Thus you shall be!
Natasza Rogozinska is a trained fashion designer, but she rather focuses on illustration and graphic design. Her works have been showcased in Vogue Poland, i-D Magazine, Kaltblut Magazine, Waste Not exhibition at the IFS Somerset House, London, and others. Natasza is now working on a master project, where she is reviving stories about forgotten women from general history, myths, and legends. She combines traditional and analog techniques such as embroidery and linocut with digital art – to create a feminine chronicle of these forgotten stories. We are prod to present her text and her work.
If you would like to read more of her stories and watch more of her work, you can find them (external link) here.

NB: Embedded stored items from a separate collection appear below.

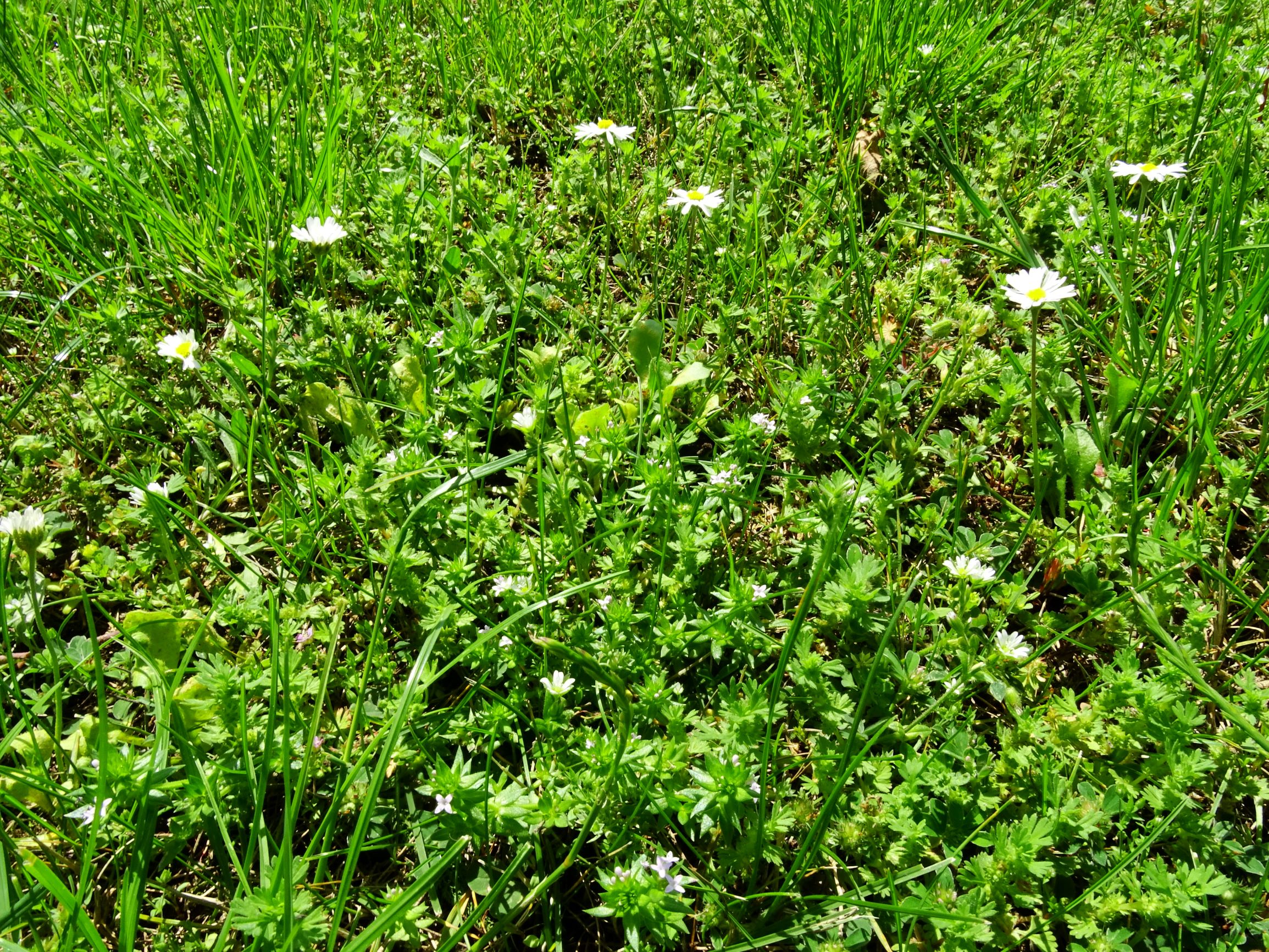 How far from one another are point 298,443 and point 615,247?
1.12m

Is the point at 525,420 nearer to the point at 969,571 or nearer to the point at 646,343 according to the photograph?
the point at 646,343

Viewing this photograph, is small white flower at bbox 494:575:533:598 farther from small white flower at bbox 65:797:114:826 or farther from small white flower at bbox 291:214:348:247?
small white flower at bbox 291:214:348:247

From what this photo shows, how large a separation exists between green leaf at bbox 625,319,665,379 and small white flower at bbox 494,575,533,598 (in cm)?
66

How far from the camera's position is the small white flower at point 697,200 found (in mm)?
2369

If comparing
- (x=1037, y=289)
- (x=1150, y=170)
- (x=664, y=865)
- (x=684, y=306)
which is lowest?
(x=664, y=865)

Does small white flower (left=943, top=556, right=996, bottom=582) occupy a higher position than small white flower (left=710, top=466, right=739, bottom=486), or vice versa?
small white flower (left=710, top=466, right=739, bottom=486)

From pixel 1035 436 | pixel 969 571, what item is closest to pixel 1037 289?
pixel 1035 436

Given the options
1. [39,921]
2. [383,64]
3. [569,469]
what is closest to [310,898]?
[39,921]

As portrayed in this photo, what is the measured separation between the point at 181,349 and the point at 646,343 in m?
1.13

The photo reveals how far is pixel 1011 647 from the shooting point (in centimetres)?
174

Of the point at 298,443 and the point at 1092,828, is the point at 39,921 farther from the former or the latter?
the point at 1092,828

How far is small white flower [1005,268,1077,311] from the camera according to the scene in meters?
1.86

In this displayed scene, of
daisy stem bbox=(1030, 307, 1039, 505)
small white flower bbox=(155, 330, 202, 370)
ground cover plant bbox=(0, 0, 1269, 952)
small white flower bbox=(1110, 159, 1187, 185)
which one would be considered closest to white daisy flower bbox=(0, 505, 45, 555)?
ground cover plant bbox=(0, 0, 1269, 952)

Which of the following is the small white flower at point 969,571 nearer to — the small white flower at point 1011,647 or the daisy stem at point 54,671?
the small white flower at point 1011,647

Marguerite de Bressieux took the field in order to avenge a wrong which she herself had suffered. Her father’s castle had been taken by storm by Louis de Chalons, Prince of Orange; and she herself as well as other maidens, had endured the last insult at the hands of brutal soldiery. That is how it came about that, when the royal troops, under Raoul de Gaucourt, Governor of Dauphine, were marching agains Louis de Chalons, twelve strange and mysterious cavaliers, attired in black, wearing scarfs of crape and carrying a banner which bore the device of an orange transfixed by a lance and the motto „Ainsi tu seras” („Thus you shall be”), greeted the general. Insisting, they were enrolled in the French King’s army. At the battle of Autun they got their chance, and proved their worth. They uncovered their faces to charge; and those who had wronged them recognised them, and took them, in their superstition, for the troubled spirits of the dead, returning to earth for their discomfiture. (Francis Henry Gribble „Women in war”)
Did you know the character? I didn’t either. I found out about Marguerite by utter accident – and it soon turned out that her story is not that rare. My list of Women Who Are Thoroughly Forgotten has 37 names for now – Chinese pirates, Mongolian wrestling princesses, Japanese warriors, and Anglo-Saxon ladies. Women of all historical eras, social classes, and castes, from around the world. What do they have in common? Well, oblivion.
Oblivion, which makes us able to retrieve only the residual information about these characters, leaves us with blank spots, unexplained situations, mysterious circumstances, and unexplored occurrences. This lack of knowledge let my imagination run wild, interpreting the mentioned characters as I see fit – giving them new attributes and characteristics, I shed the proper light on them.
In my dream visions, women are resting beneath the monument of Timocleia – attacked and humiliated by the commander of the Thracian army, for whom it was still insufficient – he urged her to hand over the treasures. „Oh I have them,” she said while she led him to the well, and as soon as he greedily look inside, she pushed him in, throwing stones into the black abyss of the well.
Look over there, is that a hand of lady Godiva holding a chess horse? It may be that her husband, Earl Leofric, agreed to lower the taxes – but only if his dear wife would ride a horse through the city of Coventry – naked.
Reviving these characters, I’m creating the very modern annals of the long bygone times – where imagination and history intersect and where art, femininity, and strength exist.